I worry that we are edging closer and closer to a similar phenomenon with macOS as well. Apple seems intent on squandering every bit of stability and sanity that macOS used to represent. Maybe now that Alan Dye is gone, we will at least see the abomination that is Liquid Glass fixed…somehow.
My workstation runs Kinoite[1], an immutable/atomic version of Fedora. I started with Fedora 38, and now am running 43. Flawless major-release upgrades. I develop using distrobox[2] (pet containers) on podman. It "Just Works".
Nearly 99% of my Steam library is playable on Fedora too. Many games even have native Linux support these days - the rest run under Proton. The only games that won't play have windows-only kernel-level anti-cheat. For some of those games, it's a developer choice (there's apparently a checkbox to enable Linux support on EasyAntiCheat - and some don't "check" it).
I use Flatpaks to install many GUI apps, such as FreeCAD, KiCad, Darktable, Steam, Reaper, and a lot more.
It's a great, extremely stable system.
[1] https://fedoraproject.org/atomic-desktops/kinoite/
[2] https://distrobox.it/
Here's the one that kills me.
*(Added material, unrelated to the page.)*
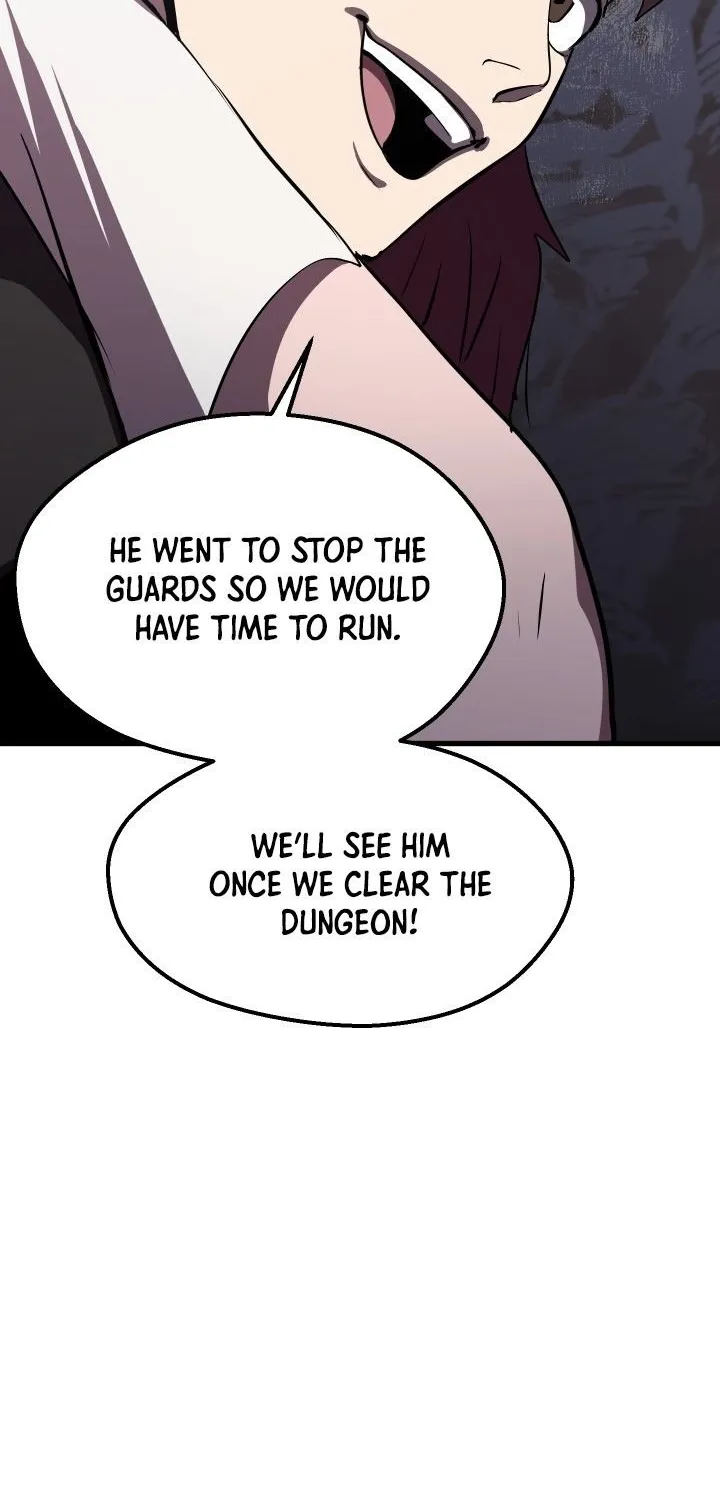 Survival Story Of A Sword King In A Fantasy World Chapter 62 page 51 - MangaNato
Not FreeCAD, but rather Zw3d. It has a fully complete, native Linux version. But it's Chinese language only! Even though the Windows version is fully international! Come on, wtf!
Windows 11 UI and spyware are so bad, that Windows 10 is where my 35 years of using Windows as my main OS has ended.
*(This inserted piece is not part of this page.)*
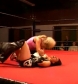 SHIMMER_#8__-__Nattie_Neidhart_vs_Arielpt2_avi_000086286.jpg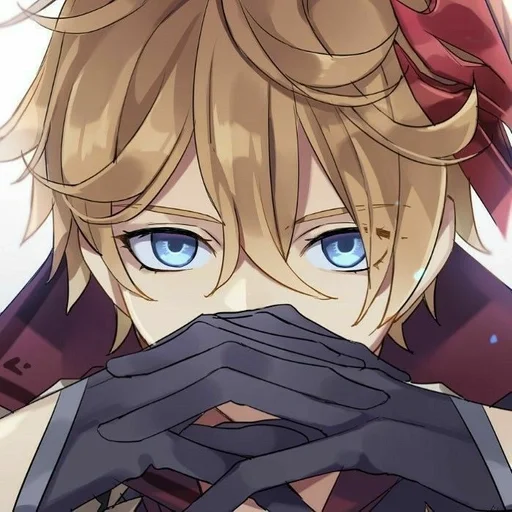 Tartartar :: @fStikBot - мультфильм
As a side note - if you're in that venn diagram overlap group of linux and gaming...check out "beyond all reason" RTS if you haven't. High chance it'll tickle you:
https://www.youtube.com/watch?v=2wxwIxz4PaY
edit: not affiliate to linked yt - organic enthusiastism
Steam has worked perfectly, clicking install and then hitting play, no futzing with drivers or weird updates. The only games I haven't been able to play are League of Legends and some of the new AAA shooters. I'm okay with that because I don't particularly care at this point, and it's not worth maintaining a Windows install to periodically play for an hour or so.
Linux has been unbelievably stable. This year, I fully upgraded the system and planned on reinstalling but I didn't even need to. On first boot, my old install was picked up and mostly just worked. On Windows I've tried that before, and it was an unrelenting shit show (that resulted in having to nuke the old windows install).
The only hitch I've had was installing conflicting NVidia drivers (open source vs proprietary); which, I was able to fix by booting into the command line then nuking both sets of drivers via apt remove and installing the one I wanted. Took me less than five minutes and my system was working. It also wouldn't have happened if I hadn't tried being too clever (and Pop_OS! having some quirks).
I recently setup a MiniPC to use while traveling to game on and this time I tried Arch. To my surprise the install was ridiculously easy. The most recent installer makes it a breeze. My only mistake was not noticing I'd installed a few desktop environments and the default wasn't what I wanted so things seemed broken. After selecting KDE from the login menu et volia! It worked perfectly. I'm considering switching my primary rig to Arch, but I'll give the most recent Pop_OS! release a try to see if the newer LTS version gets me access to some new packages first.
Linux is great folks. If you stick with a major distro you're likely going to love it. It's really low maintenance and just works. 11/10 would recommend to anyone.
Linux has got better but not yet there.